How loan term affects total cost
Longer loans mean lower monthly payments but more total interest:
| Term | Monthly Payment | Total Paid | Total Interest |
|---|---|---|---|
| 2 years (24 months) | €887.89 | €21,309.36 | €1,309.36 |
| 3 years (36 months) | €608.44 | €21,903.84 | €1,903.84 |
| 4 years (48 months) | €469.70 | €22,545.60 | €2,545.60 |
| 5 years (60 months) | €386.66 | €23,199.60 | €3,199.60 |
(€20,000 at 6% annual rate)
A 5-year loan has a 55% lower monthly payment than a 2-year loan but pays nearly 2.5× as much interest.
How to reduce total interest paid
1. Make extra payments toward principal. Any extra money you pay directly reduces the principal balance, which means less interest compounds going forward. Even small extra payments early in the loan can save significant interest.
2. Choose a shorter term. A 3-year loan vs. a 5-year loan saves nearly €1,300 in interest (in the example above) at the cost of higher monthly payments.
3. Refinance when rates drop. If interest rates fall significantly after you take out a loan, refinancing can reduce both your payment and your total interest — though closing costs need to be factored in.
4. Make a larger down payment. Reducing the principal (P in the formula) directly reduces both the monthly payment and total interest. A 20% down payment instead of 10% can save thousands over the life of a mortgage.
APR vs. interest rate
The interest rate is the cost of borrowing expressed as a percentage of the principal.
The APR (Annual Percentage Rate) includes the interest rate plus other fees — origination fees, closing costs, insurance — expressed as a single annual percentage. APR gives you a more complete picture of the true cost of a loan.
When comparing loans, compare APRs, not just interest rates. A loan with a 5.5% interest rate and significant fees might actually cost more than one with a 6% rate and no fees.
Calculate your loan online
Use the Loan Calculator to calculate your exact monthly payment, total interest, and full amortization schedule. Enter the loan amount, annual interest rate, and term — and see the complete breakdown instantly.
FAQ
Q: What happens if I make extra payments? Extra payments reduce your principal faster, which means every subsequent payment has less interest. You'll pay off the loan earlier and save on total interest. Many loan agreements allow this without penalty — check your terms.
Q: Is there a simple way to estimate a mortgage payment? A rough rule: for a 30-year mortgage at 7%, the monthly payment is about $6.65 per $1,000 borrowed. So a $300,000 mortgage would be approximately $300 × $6.65 = $1,995/month (principal and interest only, excluding taxes and insurance).
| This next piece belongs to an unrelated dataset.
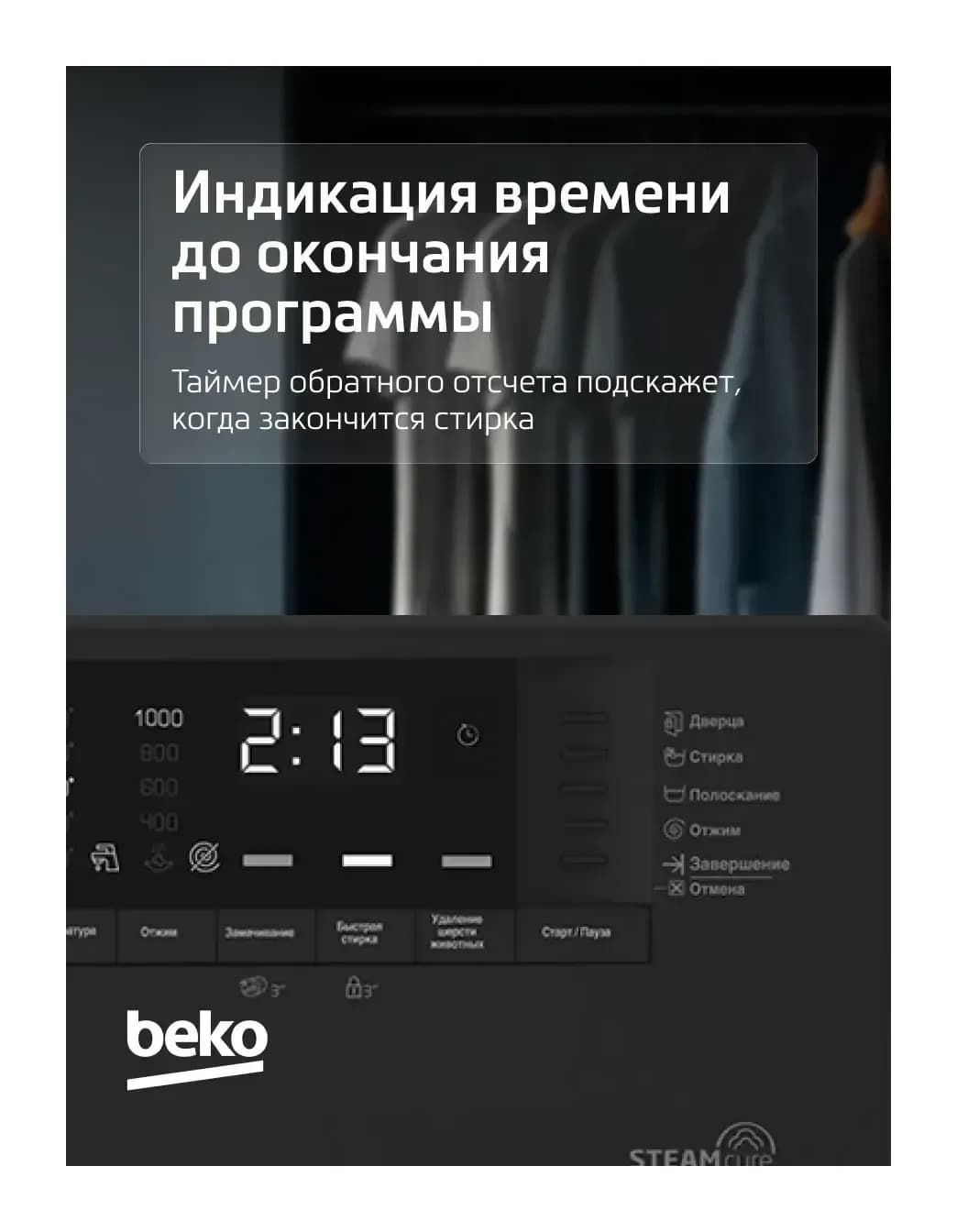 Стиральная машина Beko WSRE6512ZAA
Q: What is an interest-only loan? In an interest-only loan, your monthly payment covers only the interest — nothing reduces the principal. After the interest-only period ends, payments jump significantly because now you're paying interest plus the full principal in fewer months. These can be risky if property values fall or if you can't handle the higher payments later.
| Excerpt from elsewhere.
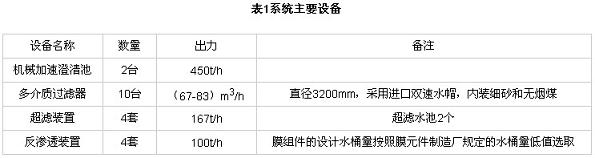 【涂裝廢水處理】托電循環(huán)水排污水膜法處理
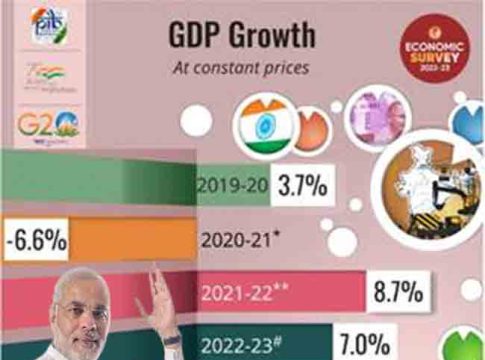 Indian Economy : जगात भारताची पत काय?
Q: Does the formula work for mortgages? Yes, the same formula applies to fixed-rate mortgages. The complexity of mortgages comes from additional costs: property taxes, homeowner's insurance, and potentially PMI (private mortgage insurance), which are often bundled into the monthly payment but aren't part of the loan calculation itself.